[Activity]:
Leave out the pictures, and copy exactly the lines from the line with "Elegant 14K Yellow" through the last line of the data below.

-- Provided information follows --

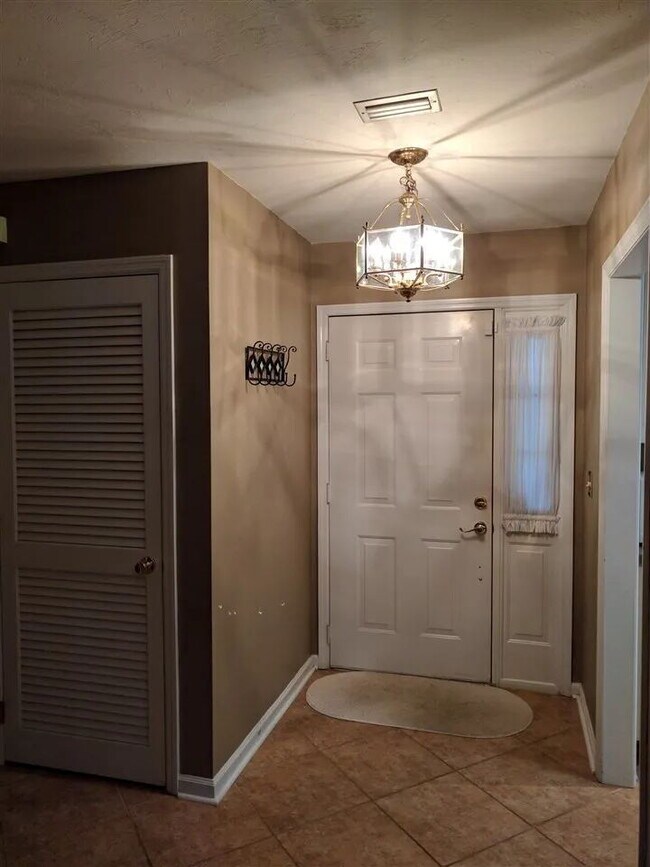 Foto del edificio - Stunning 3-Bed, 2-Bath Home in the Heart of Killearn Estates!
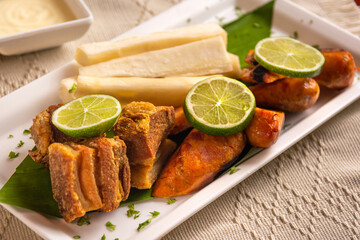 Chicharron, chorizo y yuca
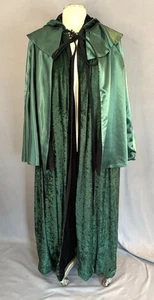 2 Pc Green/Black Velvet Reversible Cape/Capelet #12 Costume Cosplay Renaissance - Picture 1 of 8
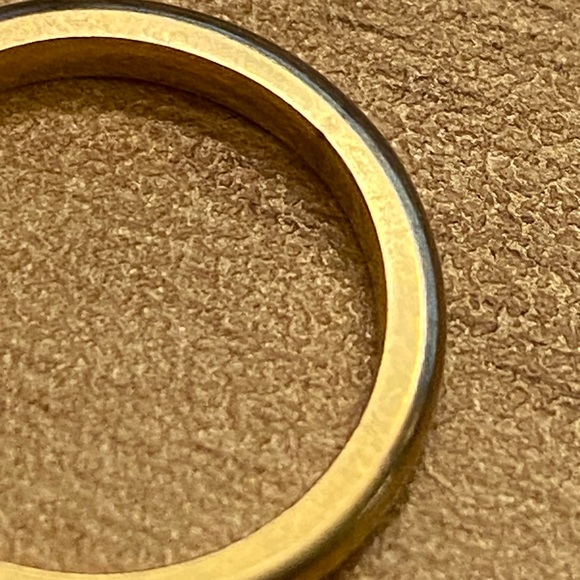 Elegant 14K Yellow Gold Women's Ring - size 4 & over 2.2 g - Picture 8 of 9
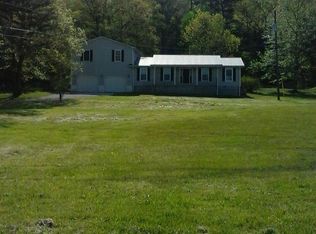 1320 Gabbardtown Rd, Berea, KY 40403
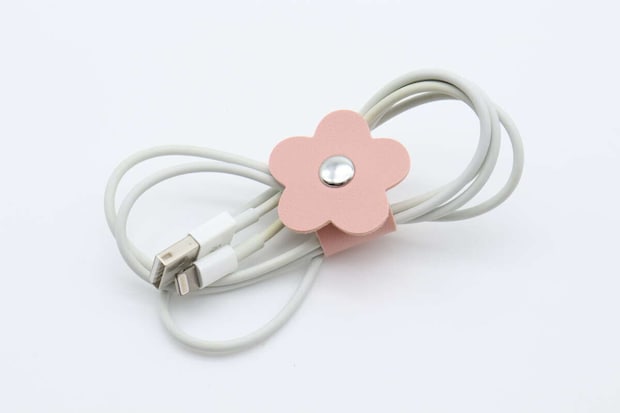 ダイソーフラワーフェイクレザーケーブルクリップすっきりまとまる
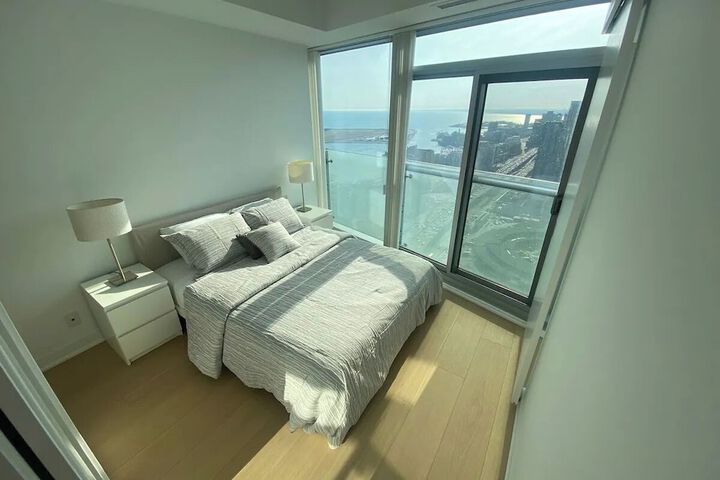 Room 190 of 931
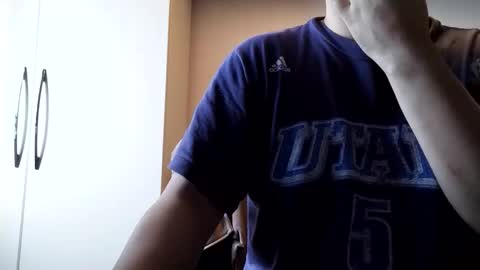 Snapshot of jumezee chatting on 28, 3, 2026 Asian office boy online show from 28, 3, 2026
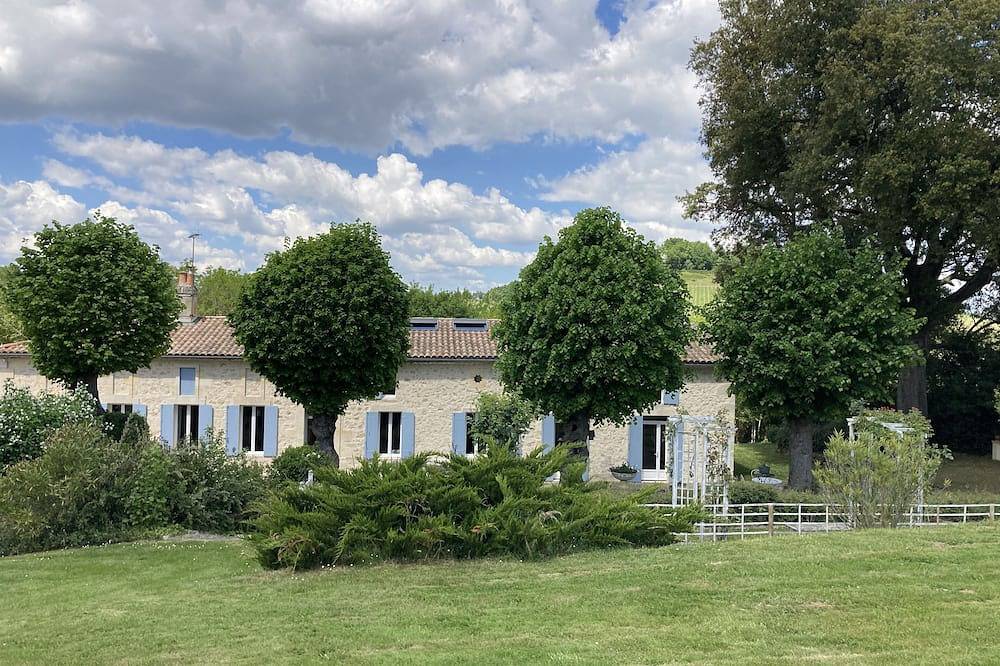 Longère de 9 couchages avec piscine au cœur des coteaux de Loupiac de Cadillac in Loupiac, Région de Langon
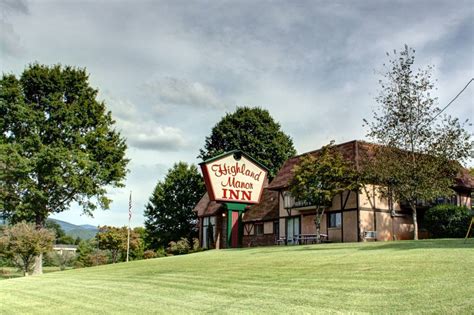 Scenic photo of Highland Manor Inn in the Smoky Mountains - Highland Manor Inn Townsend TN Smoky ...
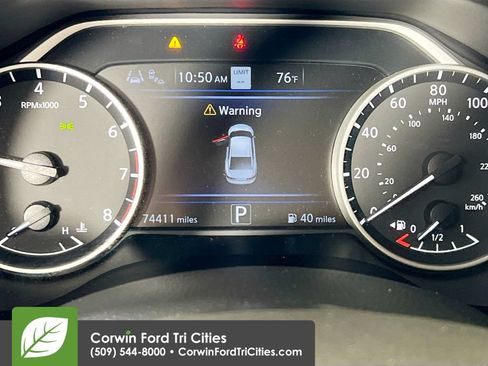 Used 2021 Nissan Maxima SR w/ Sport Mat Group FWD image 2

-- Provided information concluded --

[Task answer]:
 Elegant 14K Yellow Gold Women's Ring - size 4 & over 2.2 g - Picture 8 of 9
 1320 Gabbardtown Rd, Berea, KY 40403
 ダイソーフラワーフェイクレザーケーブルクリップすっきりまとまる
 Room 190 of 931
 Snapshot of jumezee chatting on 28, 3, 2026 Asian office boy online show from 28, 3, 2026
 Longère de 9 couchages avec piscine au cœur des coteaux de Loupiac de Cadillac in Loupiac, Région de Langon
 Scenic photo of Highland Manor Inn in the Smoky Mountains - Highland Manor Inn Townsend TN Smoky ...
 Used 2021 Nissan Maxima SR w/ Sport Mat Group FWD image 2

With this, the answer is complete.